AIM OF THE EXERCISE ▸ Omit all pictures and transcribe only the lines in the entries below that run from the line with "Hip Flexor Strain" through the line with "Improvement of cervical".

RECORDS SHOWN ▸
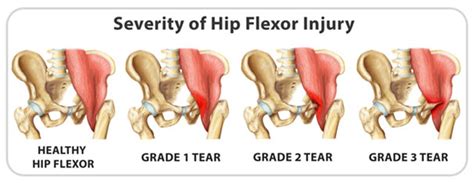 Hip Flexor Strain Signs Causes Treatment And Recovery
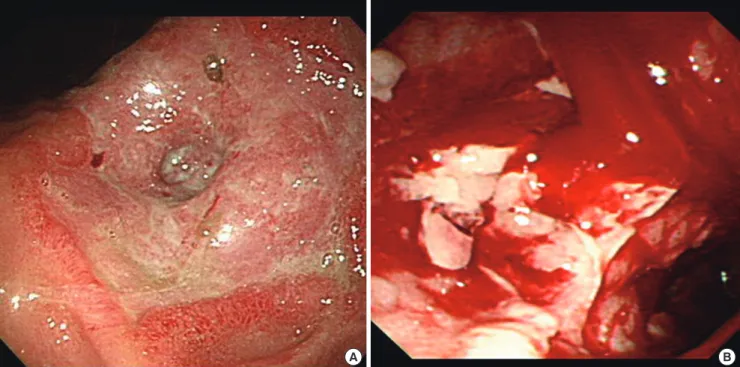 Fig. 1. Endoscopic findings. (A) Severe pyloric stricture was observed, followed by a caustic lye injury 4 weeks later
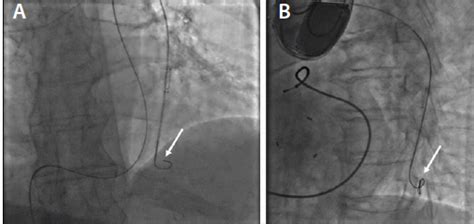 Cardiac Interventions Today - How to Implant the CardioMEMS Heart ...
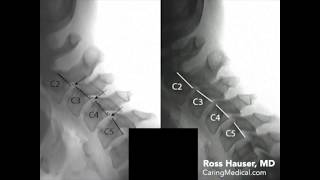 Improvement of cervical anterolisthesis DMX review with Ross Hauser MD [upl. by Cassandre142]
==
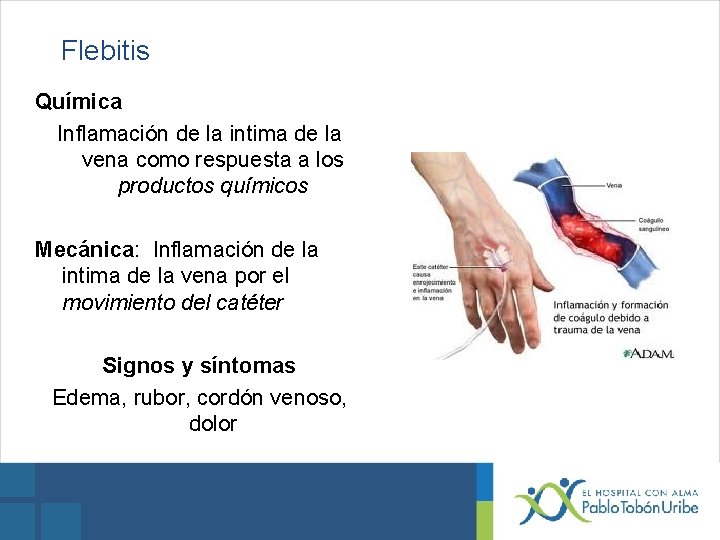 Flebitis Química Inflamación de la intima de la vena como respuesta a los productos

TASK SOLUTION ▸
 Hip Flexor Strain Signs Causes Treatment And Recovery
 Fig. 1. Endoscopic findings. (A) Severe pyloric stricture was observed, followed by a caustic lye injury 4 weeks later
 Cardiac Interventions Today - How to Implant the CardioMEMS Heart ...
 Improvement of cervical anterolisthesis DMX review with Ross Hauser MD [upl. by Cassandre142]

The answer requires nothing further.